↓↓↓
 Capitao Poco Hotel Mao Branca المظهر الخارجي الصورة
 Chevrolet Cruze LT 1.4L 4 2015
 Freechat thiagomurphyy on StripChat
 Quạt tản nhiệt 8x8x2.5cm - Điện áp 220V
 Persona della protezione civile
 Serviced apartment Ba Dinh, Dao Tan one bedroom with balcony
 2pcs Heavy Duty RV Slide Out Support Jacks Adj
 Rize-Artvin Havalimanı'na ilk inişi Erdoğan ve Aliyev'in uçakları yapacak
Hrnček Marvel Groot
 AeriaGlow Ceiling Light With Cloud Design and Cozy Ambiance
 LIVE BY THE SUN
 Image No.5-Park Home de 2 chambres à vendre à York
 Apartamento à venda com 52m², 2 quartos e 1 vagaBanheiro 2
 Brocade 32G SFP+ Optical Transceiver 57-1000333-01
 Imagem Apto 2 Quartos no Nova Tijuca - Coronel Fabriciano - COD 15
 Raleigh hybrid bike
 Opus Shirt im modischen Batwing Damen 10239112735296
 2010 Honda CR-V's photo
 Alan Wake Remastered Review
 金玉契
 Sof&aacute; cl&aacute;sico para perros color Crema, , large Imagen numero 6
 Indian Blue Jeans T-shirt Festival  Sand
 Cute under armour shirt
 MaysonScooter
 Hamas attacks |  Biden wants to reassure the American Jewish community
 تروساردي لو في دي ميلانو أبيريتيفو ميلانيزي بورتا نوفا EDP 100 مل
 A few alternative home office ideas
↑↑↑
**Work to be completed**
Extract exactly and only the lines above from the line containing "Chevrolet Cruze LT 1.4L 4 2015" through the line containing "2pcs Heavy Duty", both end lines included.

**Exercise response**
 Chevrolet Cruze LT 1.4L 4 2015
 Freechat thiagomurphyy on StripChat
 Quạt tản nhiệt 8x8x2.5cm - Điện áp 220V
 Persona della protezione civile
 Serviced apartment Ba Dinh, Dao Tan one bedroom with balcony
 2pcs Heavy Duty RV Slide Out Support Jacks Adj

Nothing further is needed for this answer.